2012年世界経済・日本経済の見通し

エコノミストは、自らの勤め先である銀行・証券会社・生命保険会社・投資信託会社等にプラスになるような(少なくともマイナスにならない)経済予測を公表するものです。一年前の今頃の経済紙に掲載されている予測を見て実際と比較してみると良くわかります。私のように自由な立場から経済を語ることができるという特典を活かして(サラリーマンエコノミストでなく、利害が自らに及ぶ可能性のある真剣な投資家の立場とも言えます)、2012年の世界経済・日本経済を考えてみたいと思います。来年のことを言うと鬼が笑うといい、確かに後一か月の間に重大事件が起こる可能性はありますが、このまま推移するとどうなるかを考えてみることも有益でしょう。2011年は欧州債務危機と米国財政問題に揺れた一年でした。これは今に始まったものではなく、2009年のリーマンショックが未解決のまま対処療法を繰り返して来た結果ということができます。欧州債務危機は、財政危機から金融危機に、ギリシア・イタリア・スペインから欧州全体に拡大してきています。金融危機の怖さは、信用不安が一瞬にして広がることにあることは、我が国の一部銀行・証券が一晩で破たん消滅した事実を見ても明らかです。
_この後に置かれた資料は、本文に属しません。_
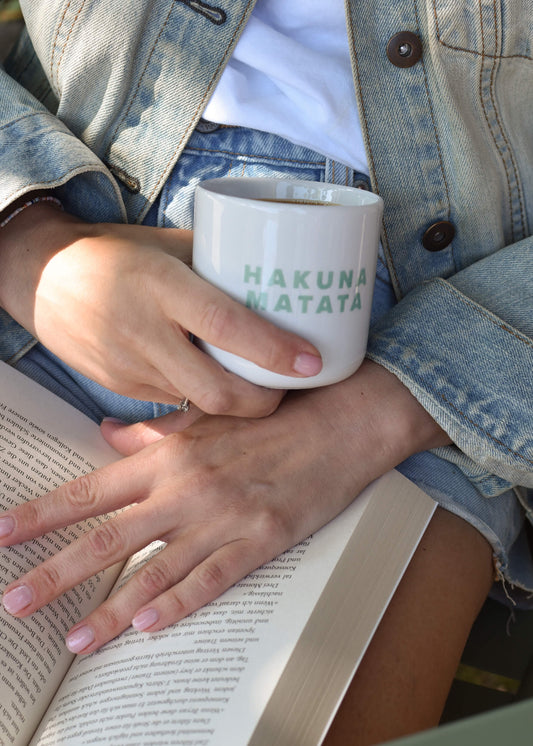 Jemand trägt Jeans-Shorts und eine Jacke, hält eine J.Clay HAKUNA MATATA Tasse ohne Henkel in der Hand und stützt sich auf ein aufgeschlagenes Buch - ein friedlicher Moment, der mit dem Hakuna Matata Pack oder Geschenkset von J.Clay noch schöner wird.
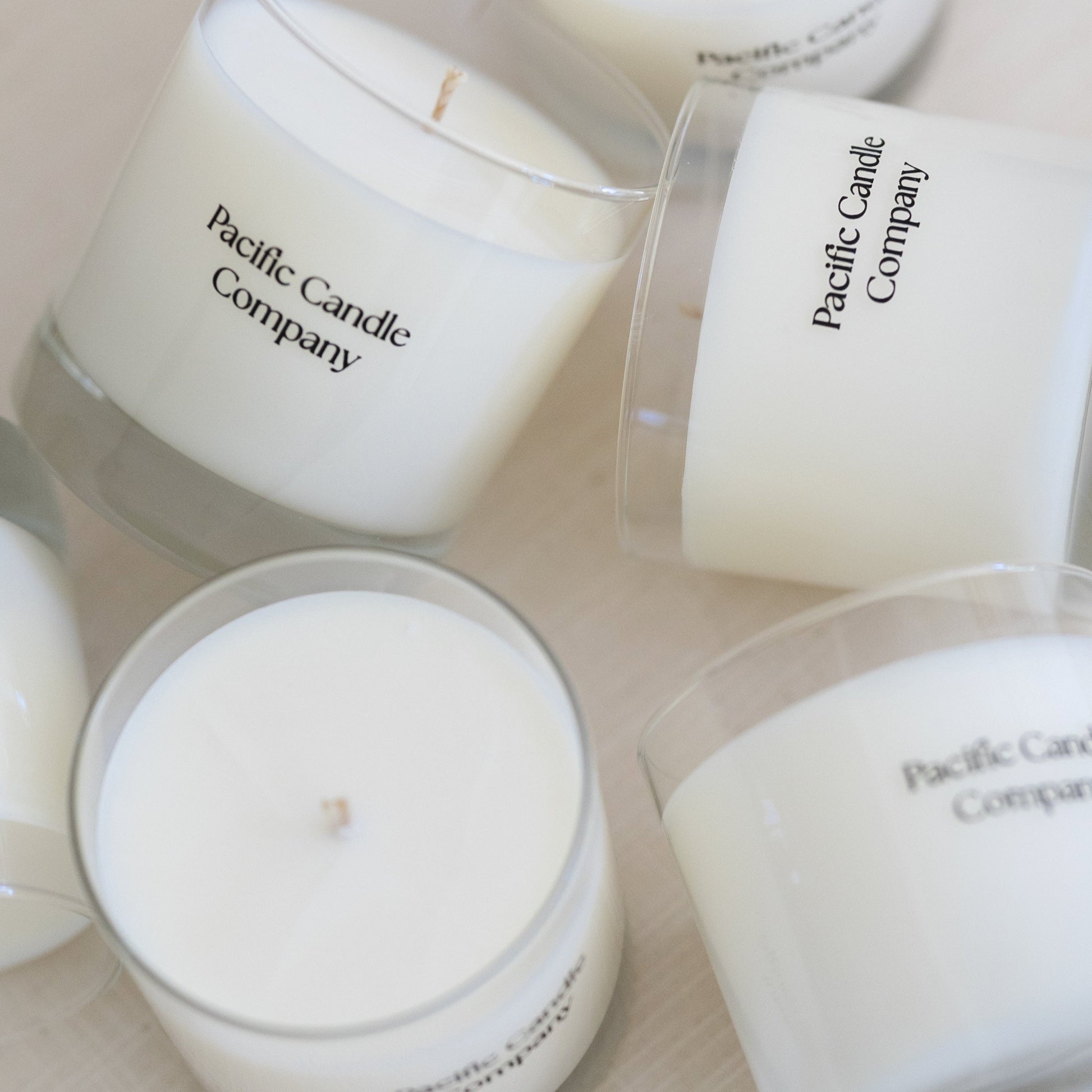 A set of hand-poured soy candles featuring the full Collection, crafted with elevated fragrances to create a warm and inviting atmosphere. Includes toxin-free candles in elegant glass jars.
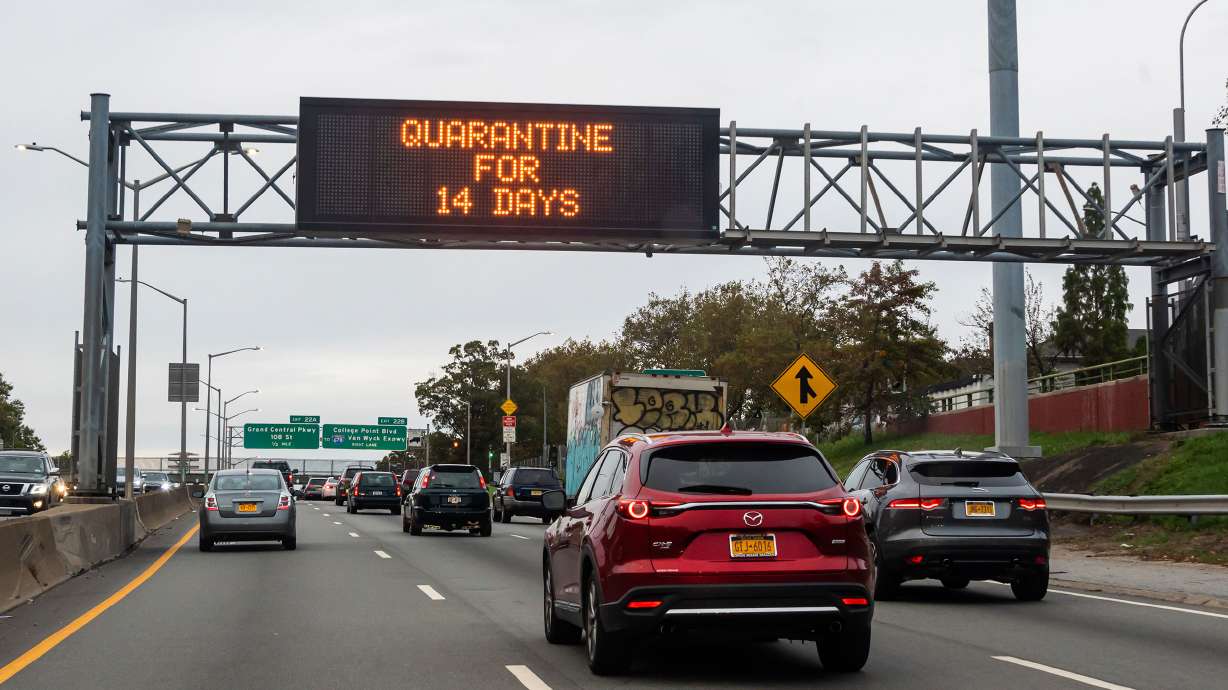 ONE TIME USE ONLY: CDC will decrease coronavirus quarantine time from 14 to 7-10 days. This image shows a traffic sign reading, "quarantine for 14 days" above a road in Brooklyn on October 25, 2020 in New York City.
もちろん人間には知恵がありますから、システミックリスクは避けることが不可欠ですが、最悪の事態が避けられたとしても、実体経済に大きな影響を及ぼすことがあります。日本の不良債権問題が解決に10年以上を要し、デフレが20年間続いていることが何よりの証拠だと思います。欧州・米国発の財政・債務危機は、今後10年間にわたり経済の下押し圧力になることはあり得ます。世界経済を今後牽引する地域は、中国・アジア地域と、まだ社会システムとして活力のある米国だと思います。私は、2012年の世界経済成長率(実質)を3%程度(米国1.5%、欧州マイナス0.5%、日本2%、中国8.5%)と予測します。日本は円高・世界経済成長鈍化の影響はあるものの、復興需要が景気を押し上げるからです。欧州・米国・日本・中国・アジアと地域を超えた経済金融支援体制ができて、最悪の事態は避けられると思いたいですが、経済を理由にした政治的覇権が強まり、世界の勢力図が変わる可能性があります。財政金融運営を間違えると国の存立基盤が揺らぐものと考え、政策運営に当たらないといけないと思います。